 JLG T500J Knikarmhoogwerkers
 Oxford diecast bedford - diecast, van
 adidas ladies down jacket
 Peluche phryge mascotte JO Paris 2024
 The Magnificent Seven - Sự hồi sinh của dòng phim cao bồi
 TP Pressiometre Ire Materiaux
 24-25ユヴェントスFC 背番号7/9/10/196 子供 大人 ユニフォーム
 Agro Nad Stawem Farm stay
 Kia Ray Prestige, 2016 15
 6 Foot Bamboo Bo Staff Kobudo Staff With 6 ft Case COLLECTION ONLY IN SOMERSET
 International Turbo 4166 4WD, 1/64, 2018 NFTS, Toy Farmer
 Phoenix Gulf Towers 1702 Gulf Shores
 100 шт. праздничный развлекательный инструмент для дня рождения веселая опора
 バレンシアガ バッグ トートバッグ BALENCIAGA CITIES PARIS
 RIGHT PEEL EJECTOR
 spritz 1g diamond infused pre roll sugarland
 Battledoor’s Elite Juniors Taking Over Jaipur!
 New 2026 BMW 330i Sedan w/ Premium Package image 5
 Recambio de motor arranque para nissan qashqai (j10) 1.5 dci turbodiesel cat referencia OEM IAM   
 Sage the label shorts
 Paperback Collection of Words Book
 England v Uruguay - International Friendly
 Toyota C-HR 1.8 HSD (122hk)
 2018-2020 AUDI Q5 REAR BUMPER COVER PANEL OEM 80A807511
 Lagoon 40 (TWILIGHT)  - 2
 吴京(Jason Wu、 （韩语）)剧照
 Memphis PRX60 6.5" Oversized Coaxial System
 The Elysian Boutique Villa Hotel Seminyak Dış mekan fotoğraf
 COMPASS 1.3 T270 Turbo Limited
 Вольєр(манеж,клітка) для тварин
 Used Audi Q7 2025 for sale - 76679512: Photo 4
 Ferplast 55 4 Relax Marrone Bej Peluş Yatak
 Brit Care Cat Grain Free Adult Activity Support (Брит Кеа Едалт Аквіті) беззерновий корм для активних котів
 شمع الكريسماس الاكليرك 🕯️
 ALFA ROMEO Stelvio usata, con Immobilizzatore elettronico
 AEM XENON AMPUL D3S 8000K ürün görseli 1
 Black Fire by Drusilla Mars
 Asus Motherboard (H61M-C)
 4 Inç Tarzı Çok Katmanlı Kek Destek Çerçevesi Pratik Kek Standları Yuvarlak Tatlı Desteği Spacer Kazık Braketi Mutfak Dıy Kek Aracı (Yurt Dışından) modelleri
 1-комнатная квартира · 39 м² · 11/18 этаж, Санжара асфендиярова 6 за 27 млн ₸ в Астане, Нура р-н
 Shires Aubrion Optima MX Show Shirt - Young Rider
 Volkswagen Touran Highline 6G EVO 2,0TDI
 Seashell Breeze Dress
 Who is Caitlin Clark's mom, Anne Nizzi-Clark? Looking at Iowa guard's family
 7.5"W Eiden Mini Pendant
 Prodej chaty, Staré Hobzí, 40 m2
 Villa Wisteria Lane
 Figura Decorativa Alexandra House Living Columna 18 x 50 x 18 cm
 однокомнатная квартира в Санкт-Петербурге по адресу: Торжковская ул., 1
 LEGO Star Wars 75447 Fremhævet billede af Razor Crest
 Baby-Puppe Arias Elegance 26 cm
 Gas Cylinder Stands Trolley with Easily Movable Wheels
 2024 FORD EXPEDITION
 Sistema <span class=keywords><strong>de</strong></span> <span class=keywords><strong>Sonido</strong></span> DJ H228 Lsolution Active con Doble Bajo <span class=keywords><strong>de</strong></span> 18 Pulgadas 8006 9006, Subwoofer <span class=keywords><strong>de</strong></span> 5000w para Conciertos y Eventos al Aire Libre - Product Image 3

The task: In the records above, find the line with "Battledoor’s Elite Juniors"; write out exactly that line and each one after it, stopping after the line with "1-комнатная квартира ·".

Exercise solution:
 Battledoor’s Elite Juniors Taking Over Jaipur!
 New 2026 BMW 330i Sedan w/ Premium Package image 5
 Recambio de motor arranque para nissan qashqai (j10) 1.5 dci turbodiesel cat referencia OEM IAM   
 Sage the label shorts
 Paperback Collection of Words Book
 England v Uruguay - International Friendly
 Toyota C-HR 1.8 HSD (122hk)
 2018-2020 AUDI Q5 REAR BUMPER COVER PANEL OEM 80A807511
 Lagoon 40 (TWILIGHT)  - 2
 吴京(Jason Wu、 （韩语）)剧照
 Memphis PRX60 6.5" Oversized Coaxial System
 The Elysian Boutique Villa Hotel Seminyak Dış mekan fotoğraf
 COMPASS 1.3 T270 Turbo Limited
 Вольєр(манеж,клітка) для тварин
 Used Audi Q7 2025 for sale - 76679512: Photo 4
 Ferplast 55 4 Relax Marrone Bej Peluş Yatak
 Brit Care Cat Grain Free Adult Activity Support (Брит Кеа Едалт Аквіті) беззерновий корм для активних котів
 شمع الكريسماس الاكليرك 🕯️
 ALFA ROMEO Stelvio usata, con Immobilizzatore elettronico
 AEM XENON AMPUL D3S 8000K ürün görseli 1
 Black Fire by Drusilla Mars
 Asus Motherboard (H61M-C)
 4 Inç Tarzı Çok Katmanlı Kek Destek Çerçevesi Pratik Kek Standları Yuvarlak Tatlı Desteği Spacer Kazık Braketi Mutfak Dıy Kek Aracı (Yurt Dışından) modelleri
 1-комнатная квартира · 39 м² · 11/18 этаж, Санжара асфендиярова 6 за 27 млн ₸ в Астане, Нура р-н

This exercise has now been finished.